§ DATA FOR THIS EXERCISE:
- - - -

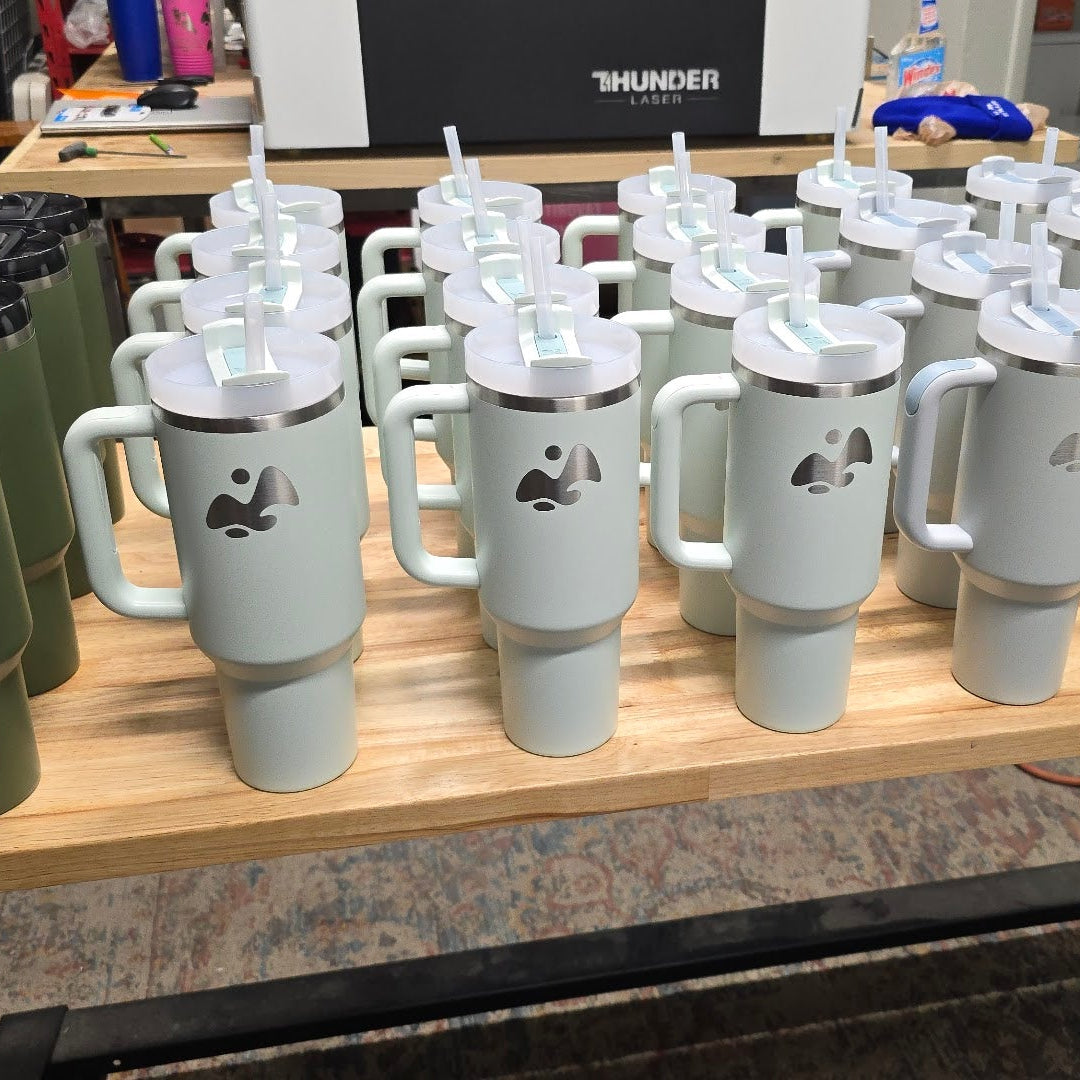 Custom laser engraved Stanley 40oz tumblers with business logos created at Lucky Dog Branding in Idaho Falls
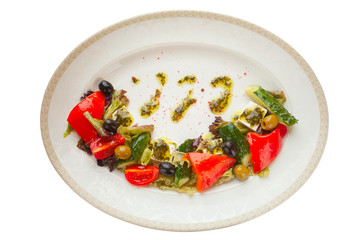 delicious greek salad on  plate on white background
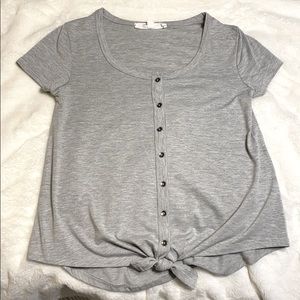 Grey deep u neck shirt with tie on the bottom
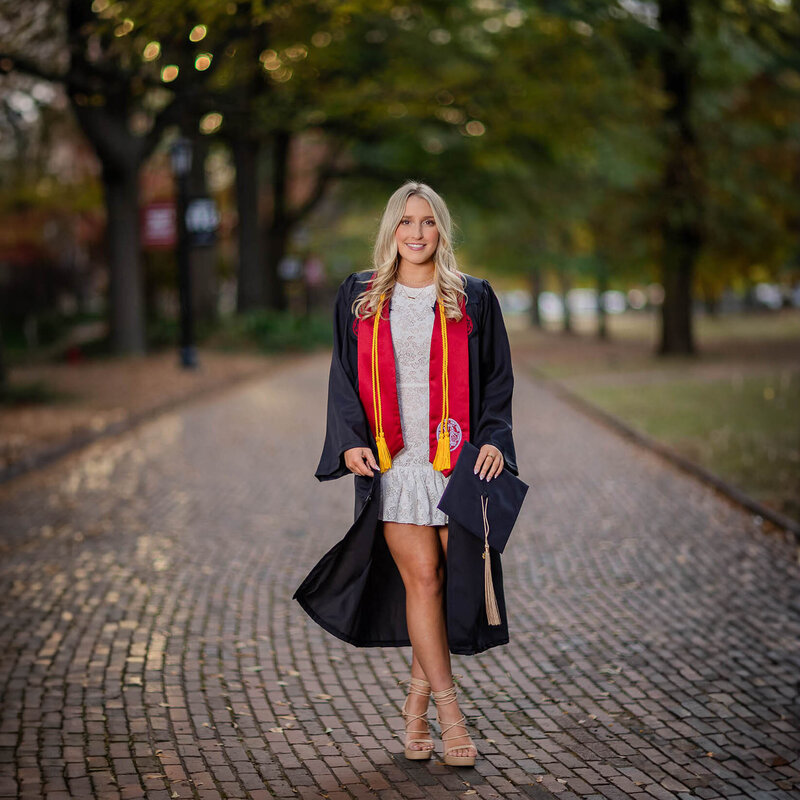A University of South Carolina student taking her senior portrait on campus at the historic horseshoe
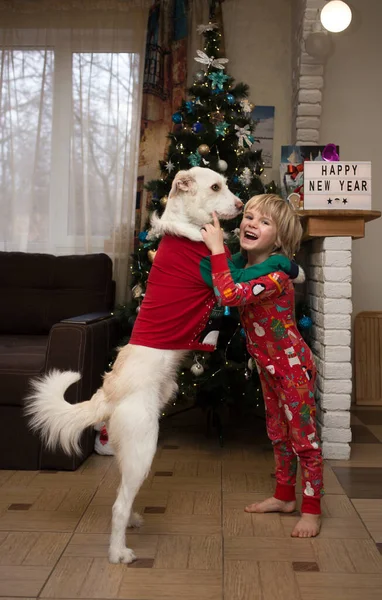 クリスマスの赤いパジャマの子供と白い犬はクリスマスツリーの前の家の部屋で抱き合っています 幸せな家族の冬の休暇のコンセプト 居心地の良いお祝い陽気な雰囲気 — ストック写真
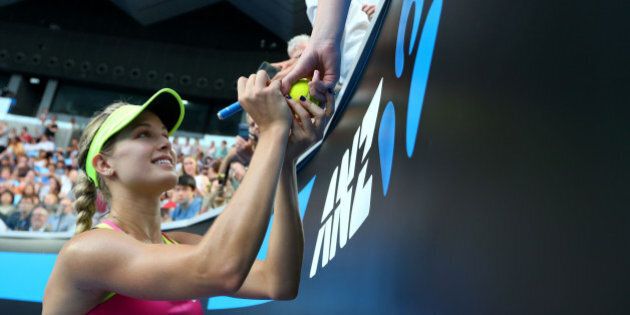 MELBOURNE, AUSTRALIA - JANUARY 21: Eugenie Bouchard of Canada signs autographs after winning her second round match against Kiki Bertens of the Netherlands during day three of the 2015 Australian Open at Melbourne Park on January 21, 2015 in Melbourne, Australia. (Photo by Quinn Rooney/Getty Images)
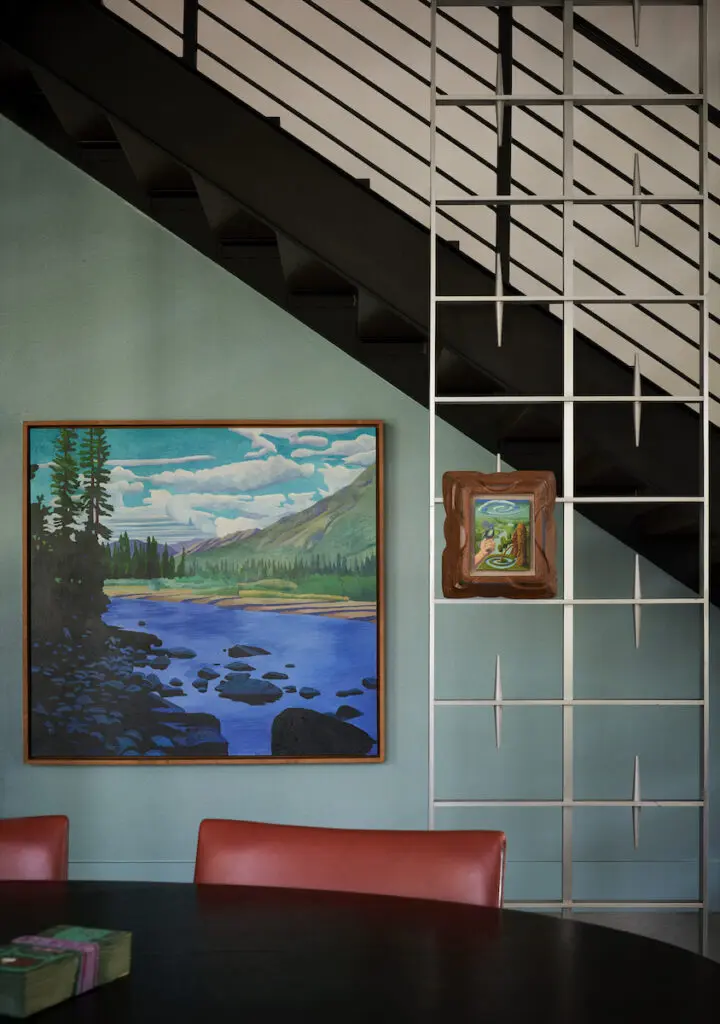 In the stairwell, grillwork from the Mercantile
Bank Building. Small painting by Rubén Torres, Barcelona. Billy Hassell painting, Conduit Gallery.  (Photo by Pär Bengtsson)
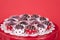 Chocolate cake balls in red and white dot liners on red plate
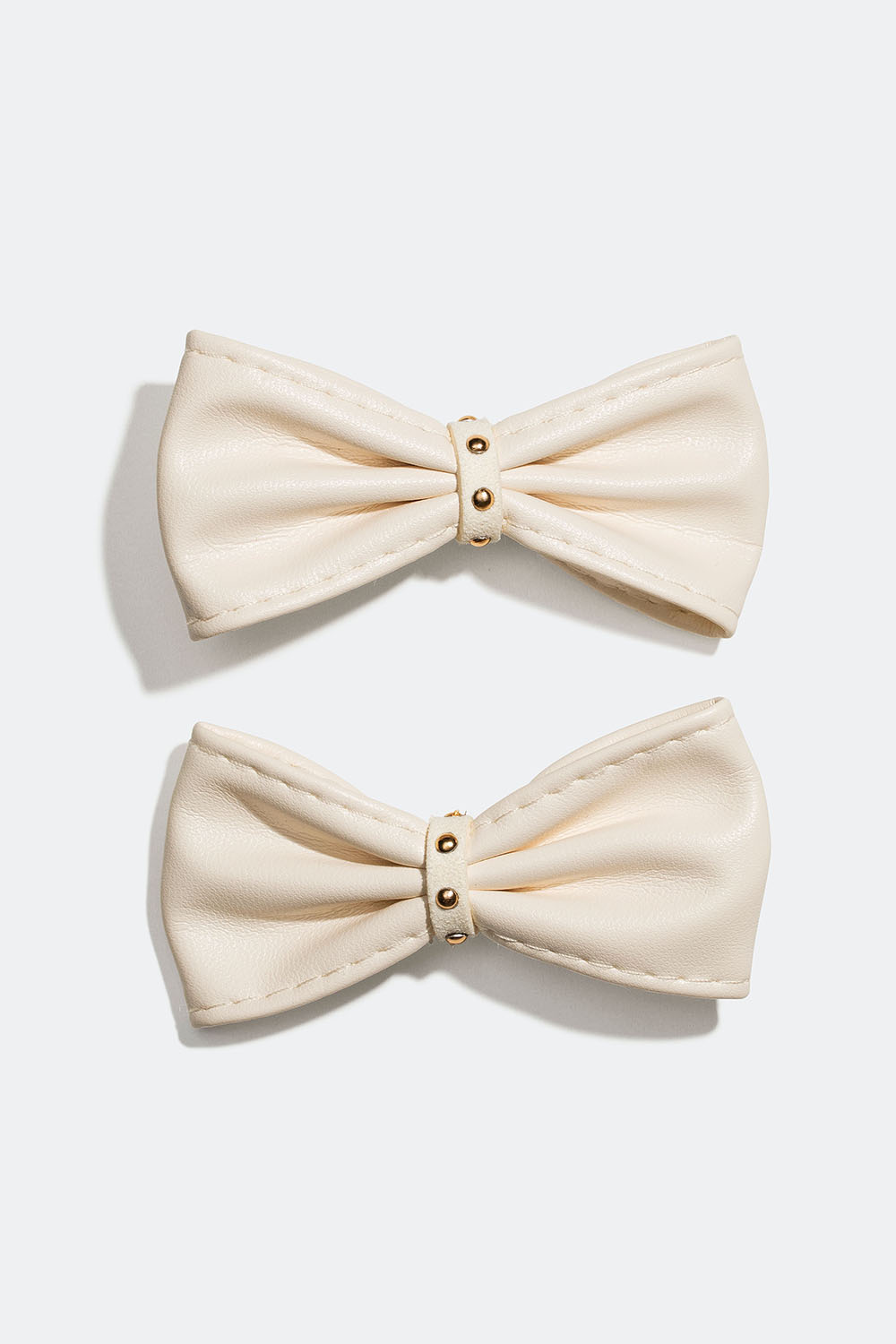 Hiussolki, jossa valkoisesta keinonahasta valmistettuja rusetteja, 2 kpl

- - - -

§ EXERCISE DETAILS: Above are the records. Copy word for word only their lines from the one holding "A University of" through the one holding "居心地の良いお祝い陽気な雰囲気 — ストック写真", both included, and skip the images.

§ ANSWER TO THIS EXERCISE:
A University of South Carolina student taking her senior portrait on campus at the historic horseshoe
 クリスマスの赤いパジャマの子供と白い犬はクリスマスツリーの前の家の部屋で抱き合っています 幸せな家族の冬の休暇のコンセプト 居心地の良いお祝い陽気な雰囲気 — ストック写真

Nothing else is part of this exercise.